§ **Records shown**
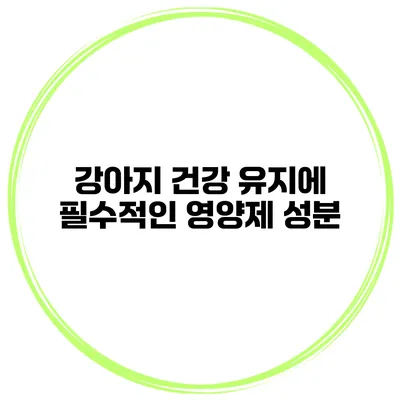 강아지 건강 유지에 필수적인 영양제 성분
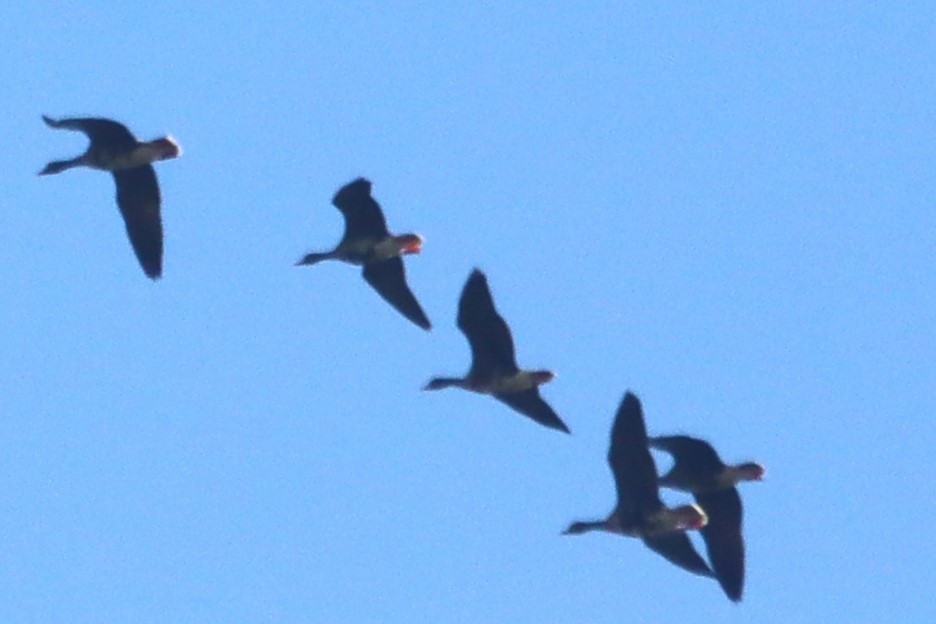 Greater White-fronted Goose - ML531917321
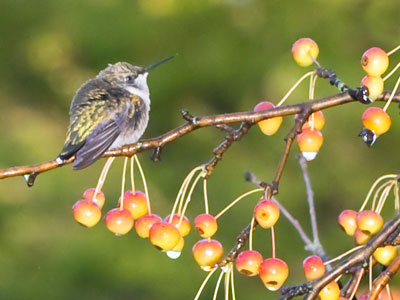 Hummingbird at rest.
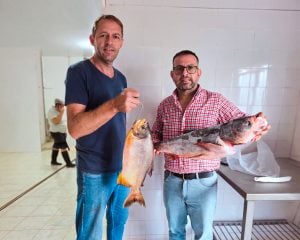 La acuicultura pisa fuerte en Misiones: cosecharon casi cinco toneladas de pescado durante Semana Santa imagen-4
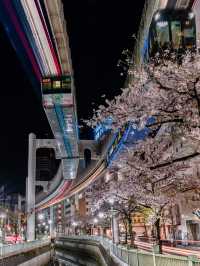 Chasing Sakura at Chiba Urban Monorail 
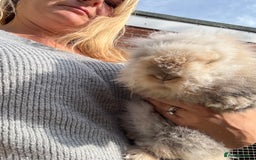 Lionhead rabbits for sale: Pablo - Image 4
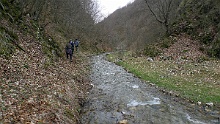 panjica29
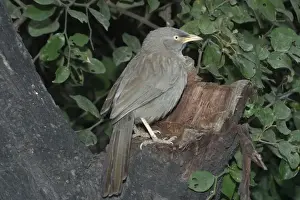 Babbler Prints: Jungle Babbler - On tree stump A widespread Indian resident found in deciduous forest and cultivation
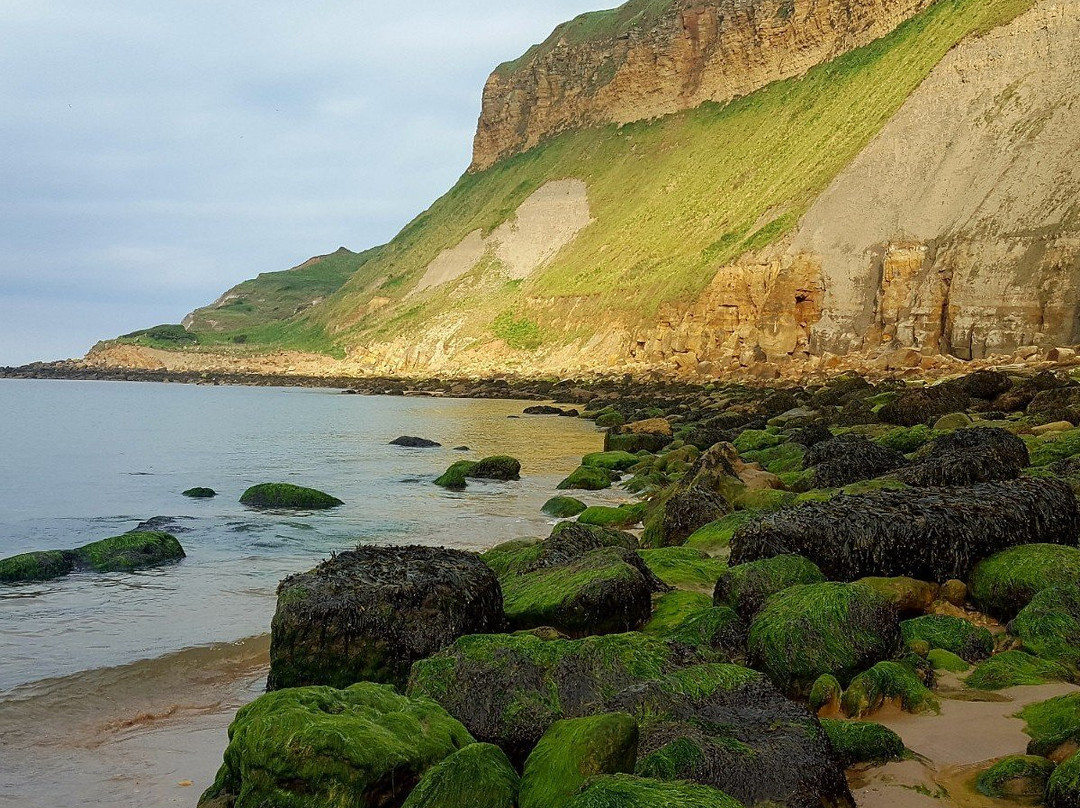 Cayton Bay Beach景点图片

§ **To do**
Please retype the records above exactly, leaving every image out.

§ **Exercise solution**
 강아지 건강 유지에 필수적인 영양제 성분
 Greater White-fronted Goose - ML531917321
 Hummingbird at rest.
 La acuicultura pisa fuerte en Misiones: cosecharon casi cinco toneladas de pescado durante Semana Santa imagen-4
 Chasing Sakura at Chiba Urban Monorail 
 Lionhead rabbits for sale: Pablo - Image 4
 panjica29
 Babbler Prints: Jungle Babbler - On tree stump A widespread Indian resident found in deciduous forest and cultivation
 Cayton Bay Beach景点图片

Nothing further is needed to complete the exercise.